* [Material provided]
┌──
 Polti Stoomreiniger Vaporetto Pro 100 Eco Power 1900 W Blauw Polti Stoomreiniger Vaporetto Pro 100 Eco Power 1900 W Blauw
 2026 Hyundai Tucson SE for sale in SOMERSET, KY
└──
┌──
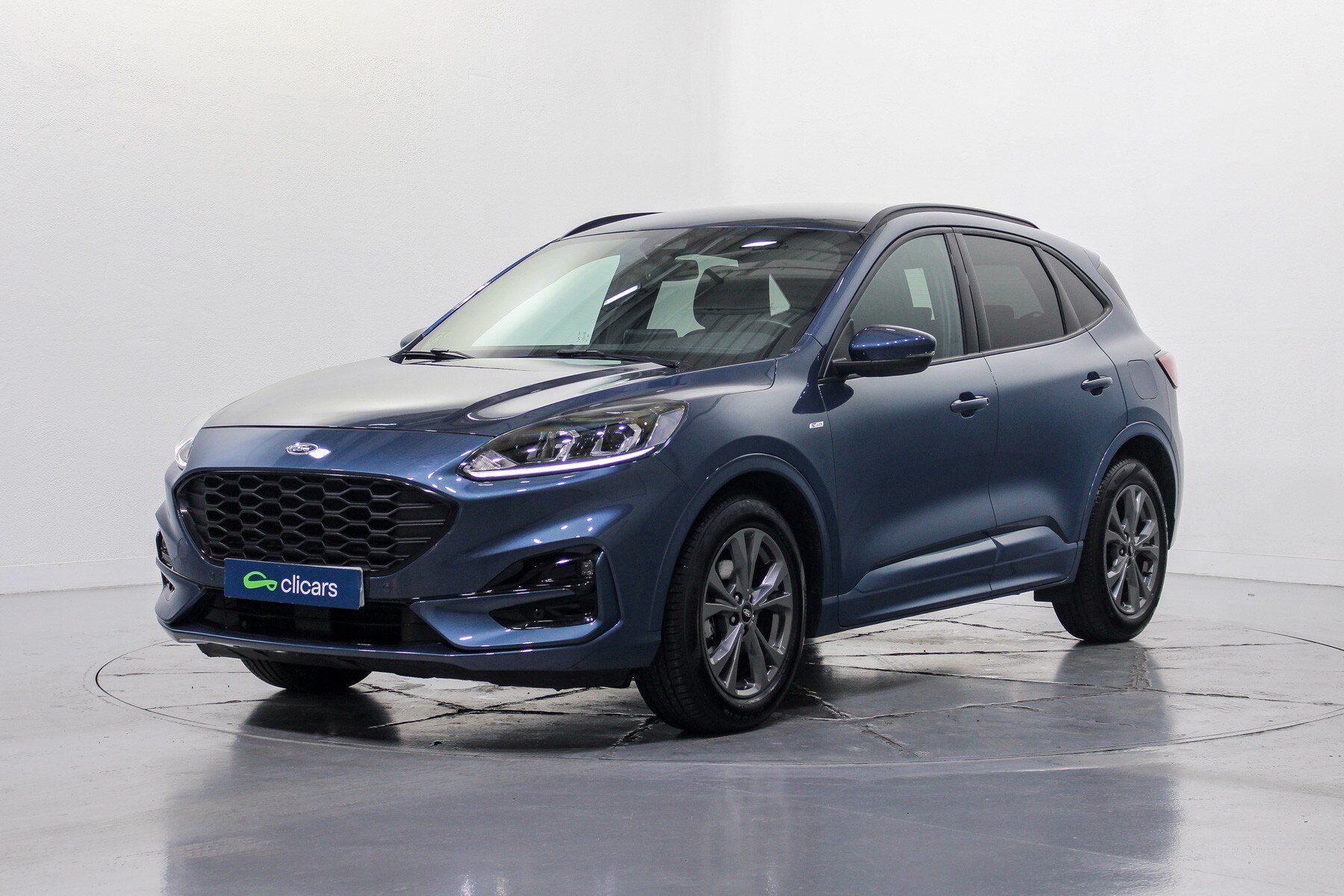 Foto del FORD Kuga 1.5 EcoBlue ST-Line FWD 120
└──
┌──
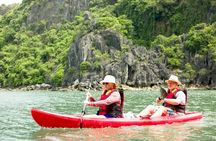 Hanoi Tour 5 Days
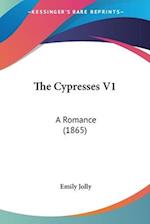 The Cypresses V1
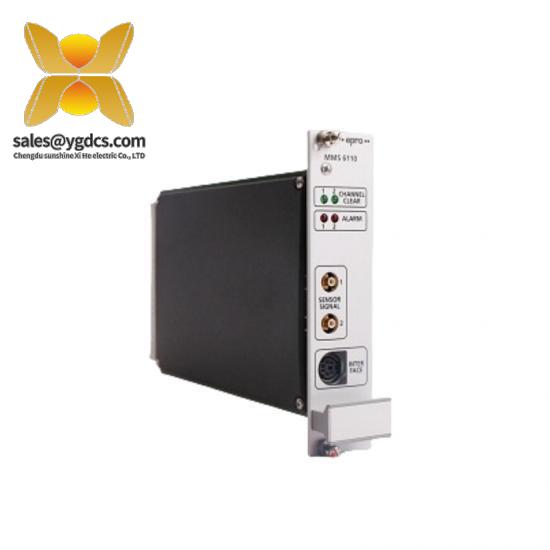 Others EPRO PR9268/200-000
└──
* [Your instructions]
Each line in the listing above from the one containing "W Blauw Polti" through the one containing "2026 Hyundai Tucson" should be repeated exactly, and no other line.

* [Answer box]
 Polti Stoomreiniger Vaporetto Pro 100 Eco Power 1900 W Blauw Polti Stoomreiniger Vaporetto Pro 100 Eco Power 1900 W Blauw
 2026 Hyundai Tucson SE for sale in SOMERSET, KY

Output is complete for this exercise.